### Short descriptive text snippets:

——————————

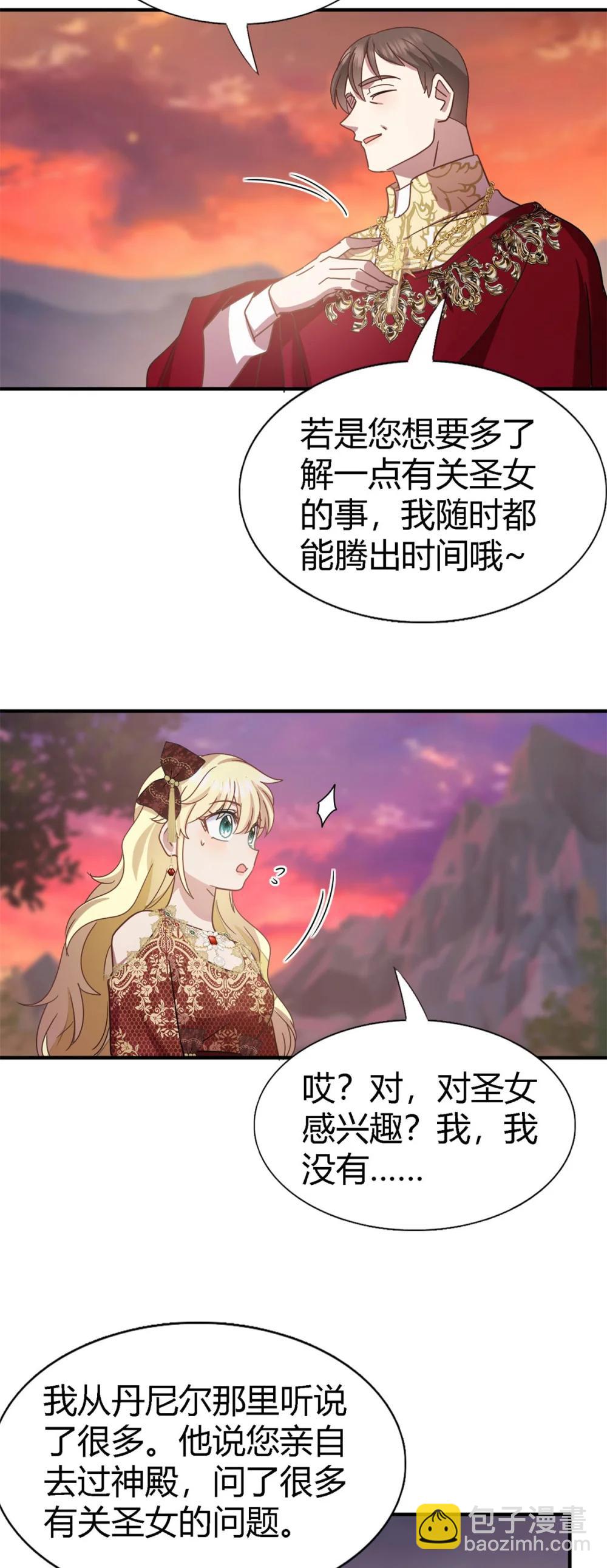 第146话 没圣女的帝国（下）7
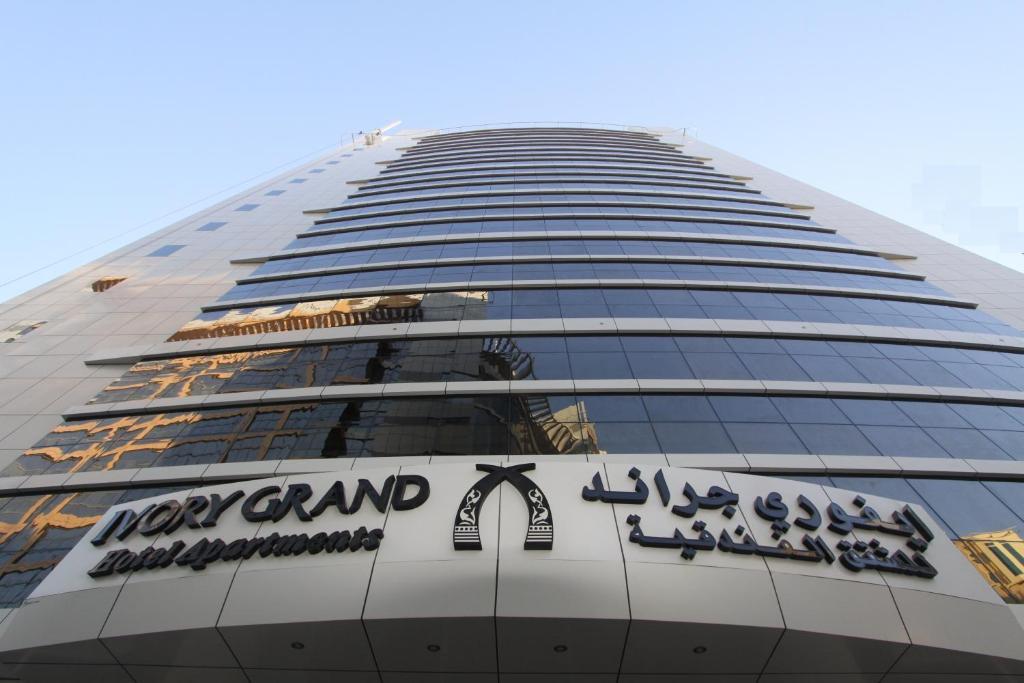 Ivory Grand Hotel Apartments Dubai Exterior foto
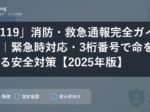 「119」消防・救急通報完全ガイド｜緊急時対応・3桁番号で命を守る安全対策【2025年版】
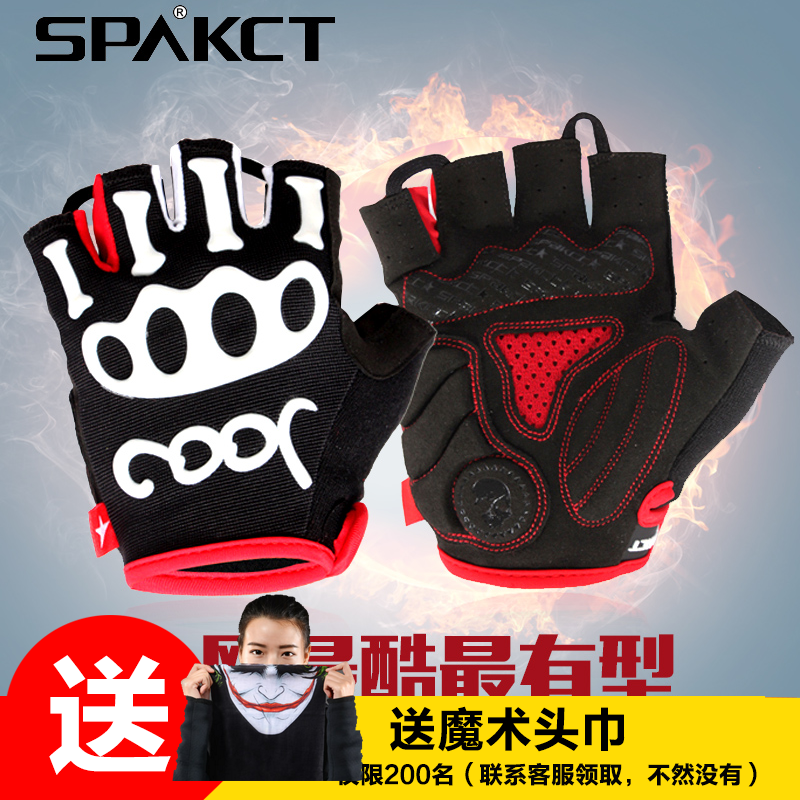 Gants pour vélo mixte SPAKCT - Ref 2244061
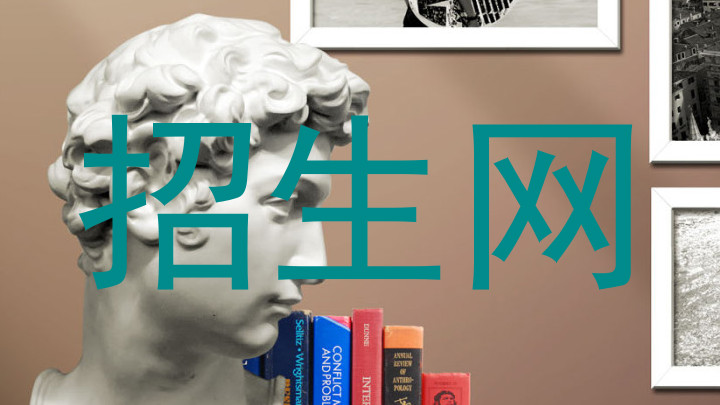 招生网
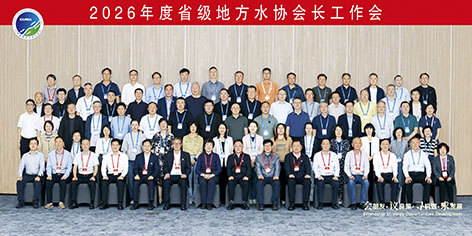 1-中国水协-地方水协会长会.jpg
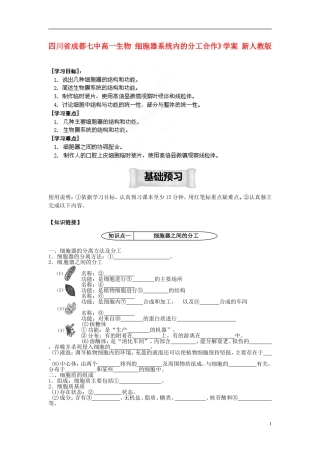 四川省成都七中高一生物 细胞器系统内的分工合作》学案 新人教版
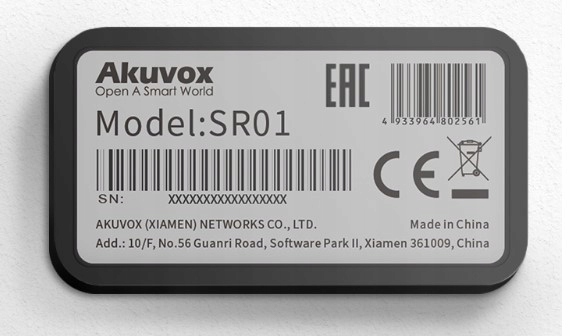 Akuvox SR01 - Dodatkowe wejście Panel zewnętrzny. Moduł przekaźnika - obrazek 4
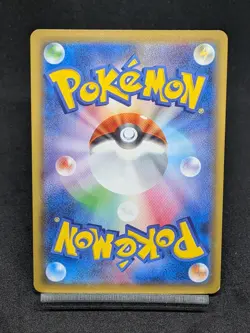 Chandelure VMAX 015/100 S8 Fusion Strike - Fusion Arts Japanese Pokemon Card - Image 2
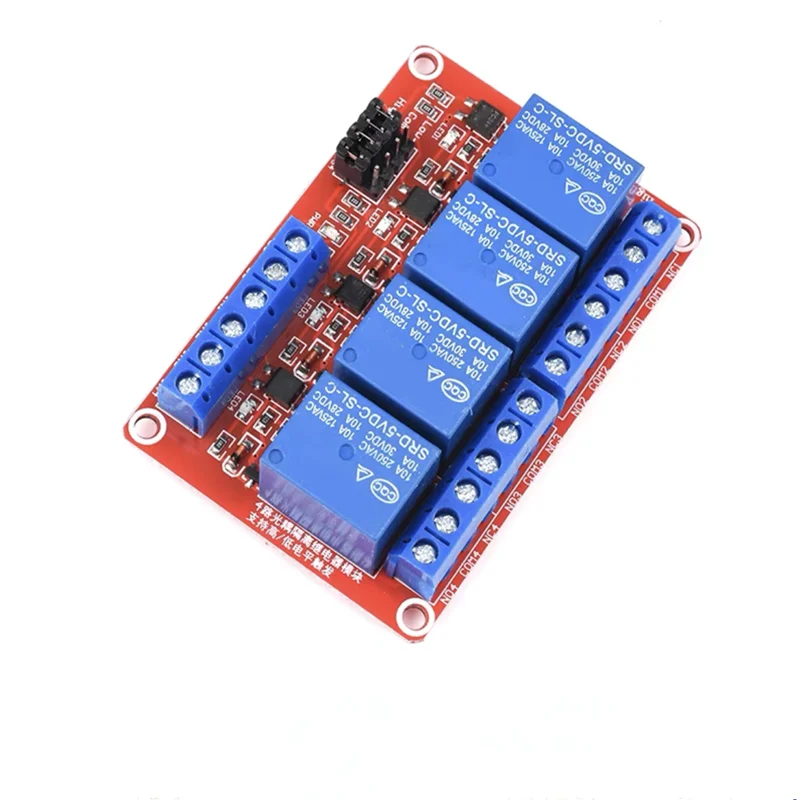 

1, 2, 4, 8-way relay module with optocoupler relay 5V12V24V relay module high-level and low-level trigger development board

——————————

The entries above need an exact copy without their pictures.

### SOLVED EXERCISE:
 第146话 没圣女的帝国（下）7
 Ivory Grand Hotel Apartments Dubai Exterior foto
 「119」消防・救急通報完全ガイド｜緊急時対応・3桁番号で命を守る安全対策【2025年版】
 Gants pour vélo mixte SPAKCT - Ref 2244061
 招生网
 1-中国水协-地方水协会长会.jpg
 四川省成都七中高一生物 细胞器系统内的分工合作》学案 新人教版
 Akuvox SR01 - Dodatkowe wejście Panel zewnętrzny. Moduł przekaźnika - obrazek 4
 Chandelure VMAX 015/100 S8 Fusion Strike - Fusion Arts Japanese Pokemon Card - Image 2

1, 2, 4, 8-way relay module with optocoupler relay 5V12V24V relay module high-level and low-level trigger development board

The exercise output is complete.